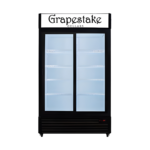 1000L Display Refrigerator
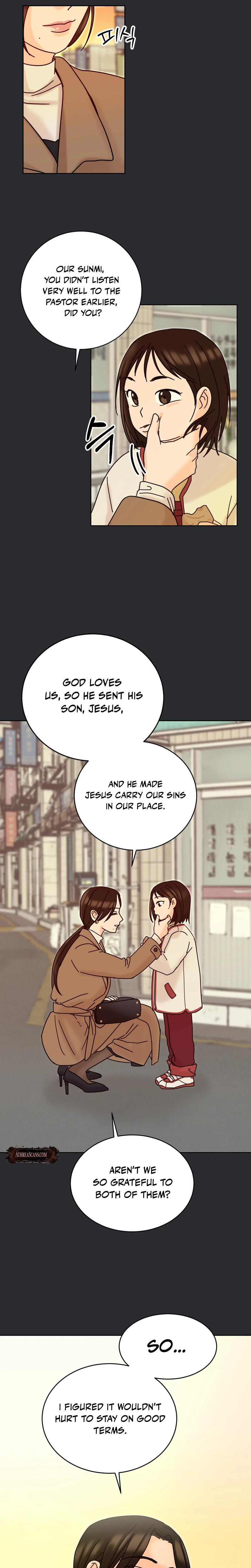 The Sacred Con Artist chapter 3 page 3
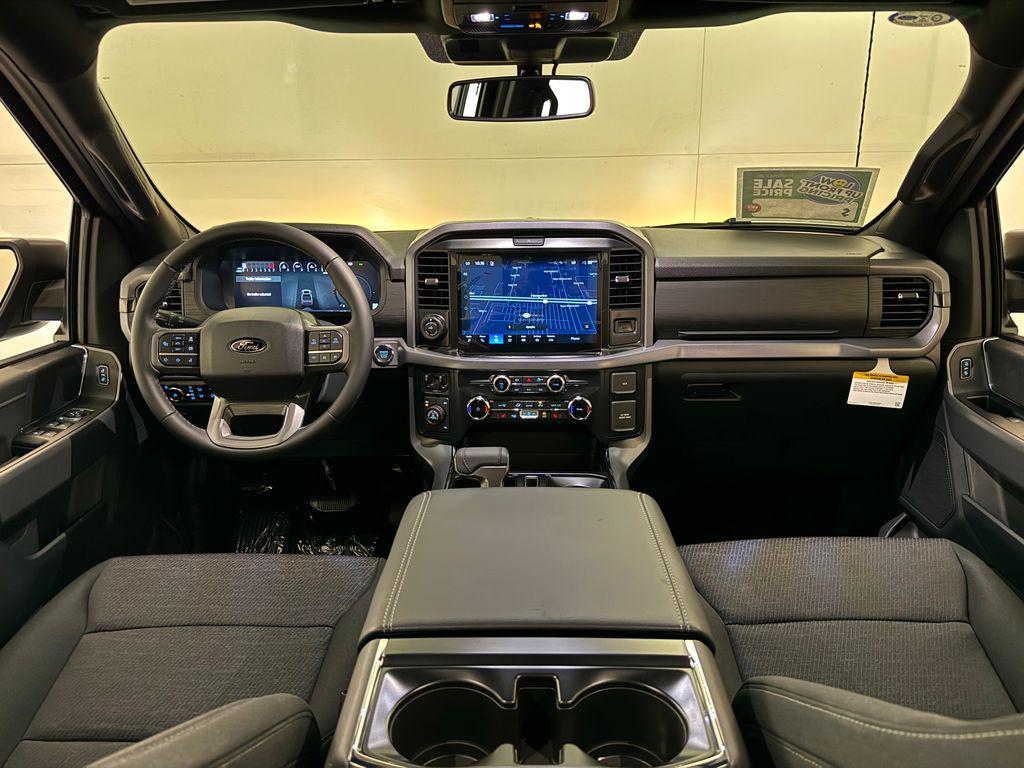 new 2026 Ford F-150 car, priced at $56,865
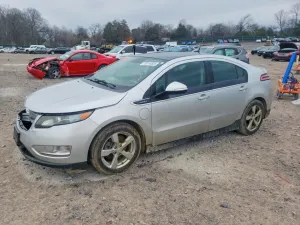 2012 CHEVROLET VOLT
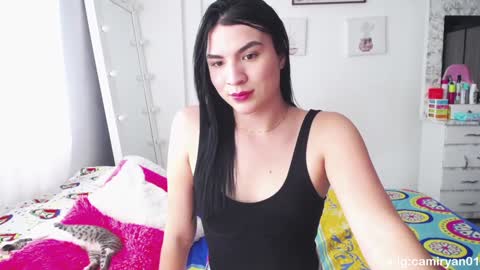 X IGcamiryan01 online show from 7, 1, 2025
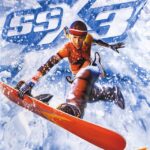 SSX 3 cover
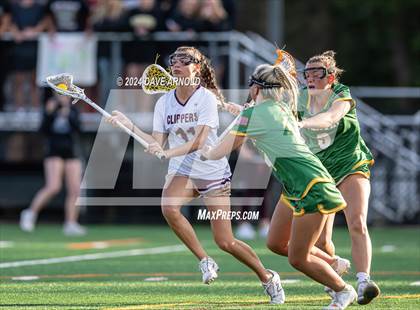 Thumbnail 1 in Bishop Guertin @ Portsmouth (NHIAA Division 1 State Final) photogallery.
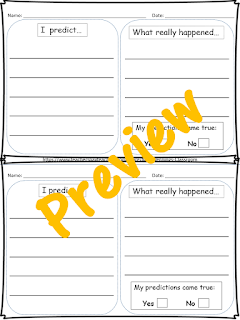Lesson Plans & More by Mrs Wenning's Classroom!: Easy Guided Reading in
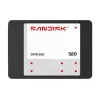 SanDisk 320 250GB SATA III 2,5 tuuman sisäinen SSD - lukunopeus 545MB/s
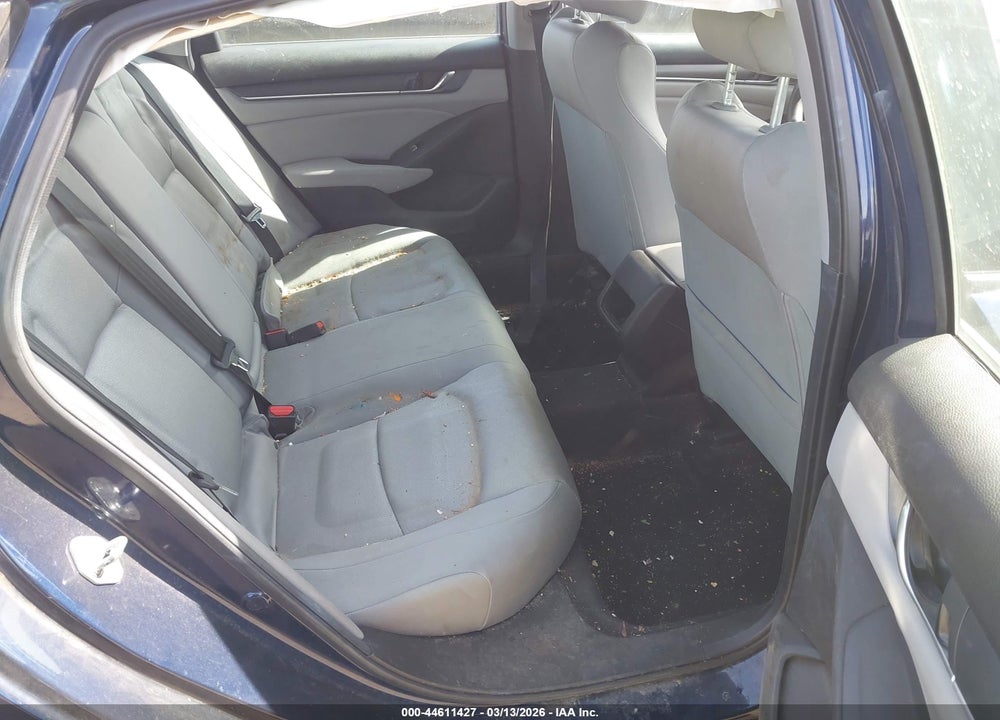 2018 HONDA ACCORD LX VIN: 1HGCV1F11JA014779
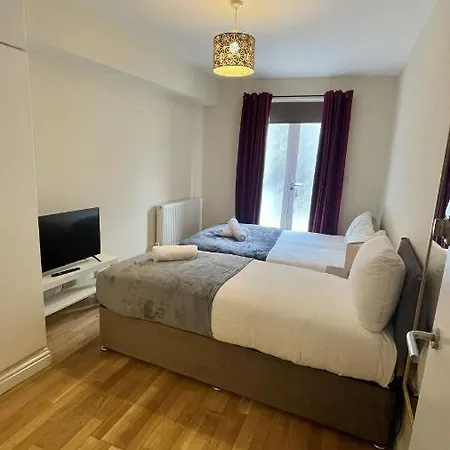 Camden Budget Suites - Next To Station And Camden Market Ferienhaus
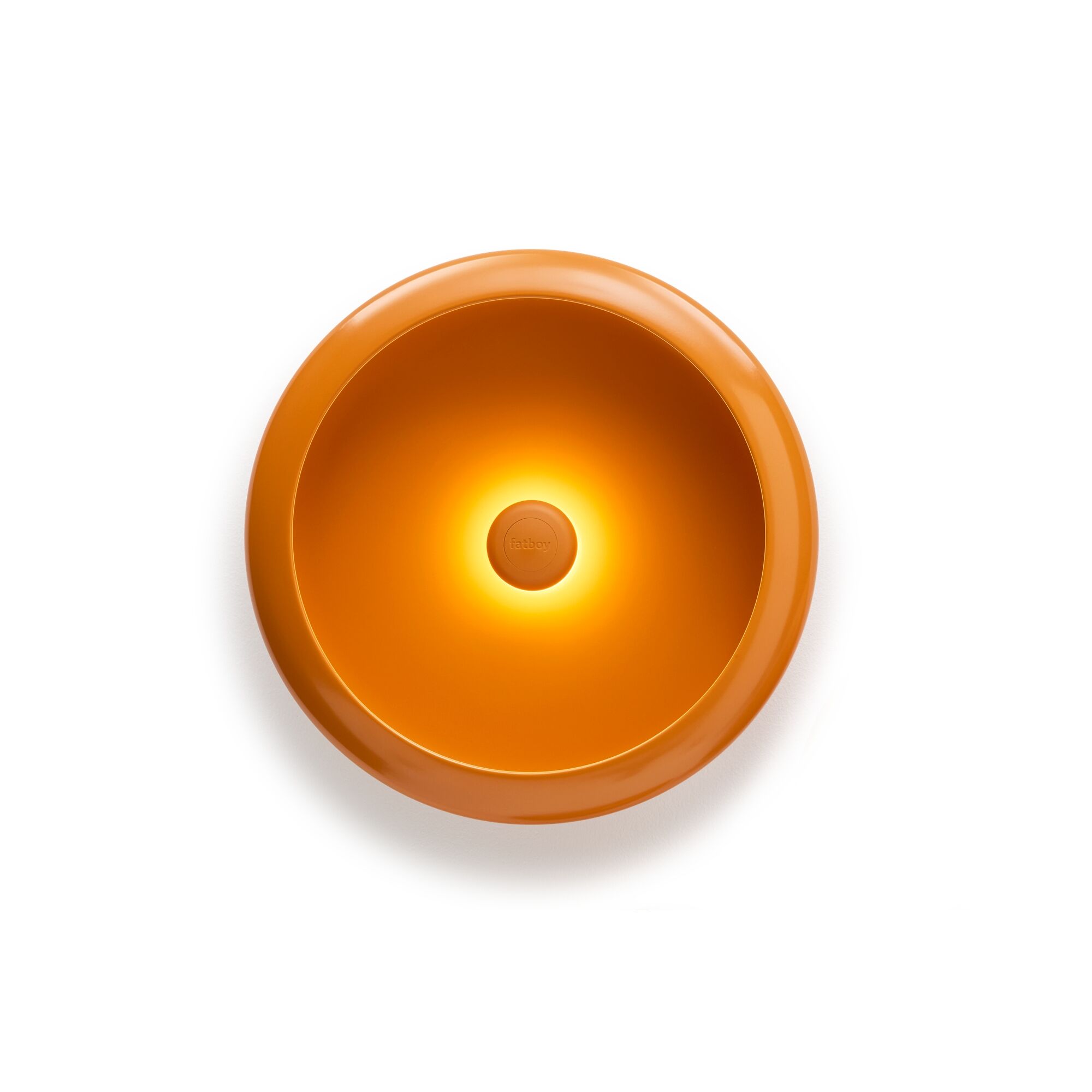 Oloha Transportabel Lampe Stor Sunny Orange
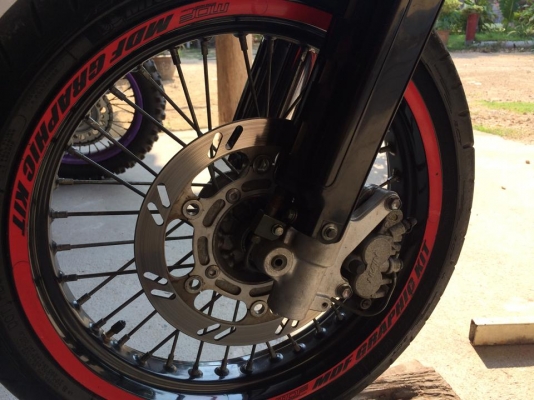 ขาย dtracker 250 ปี 06 ตัวนอก คาร์บู รถโกดังสดจากยุ่น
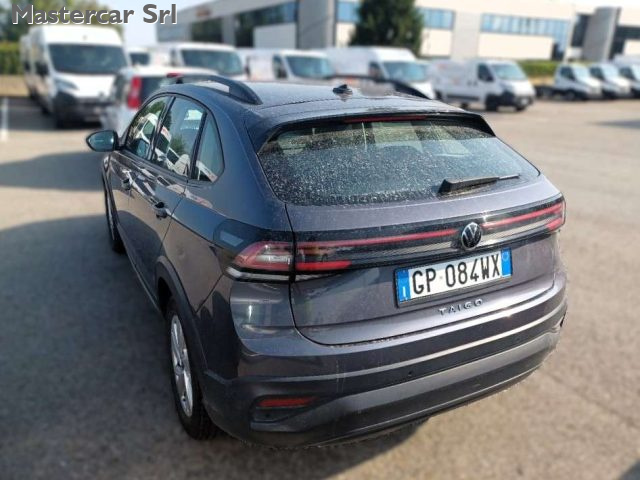 VOLKSWAGEN Taigo usata, con Controllo trazione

Task to carry out: Leaving out the pictures, restate each line of the listing above verbatim, from the opening line to the line bearing "SanDisk 320 250GB", inclusive, and no more.

Response to this task:
 1000L Display Refrigerator
 The Sacred Con Artist chapter 3 page 3
 new 2026 Ford F-150 car, priced at $56,865
 2012 CHEVROLET VOLT
 X IGcamiryan01 online show from 7, 1, 2025
 SSX 3 cover
 Thumbnail 1 in Bishop Guertin @ Portsmouth (NHIAA Division 1 State Final) photogallery.
Lesson Plans & More by Mrs Wenning's Classroom!: Easy Guided Reading in
 SanDisk 320 250GB SATA III 2,5 tuuman sisäinen SSD - lukunopeus 545MB/s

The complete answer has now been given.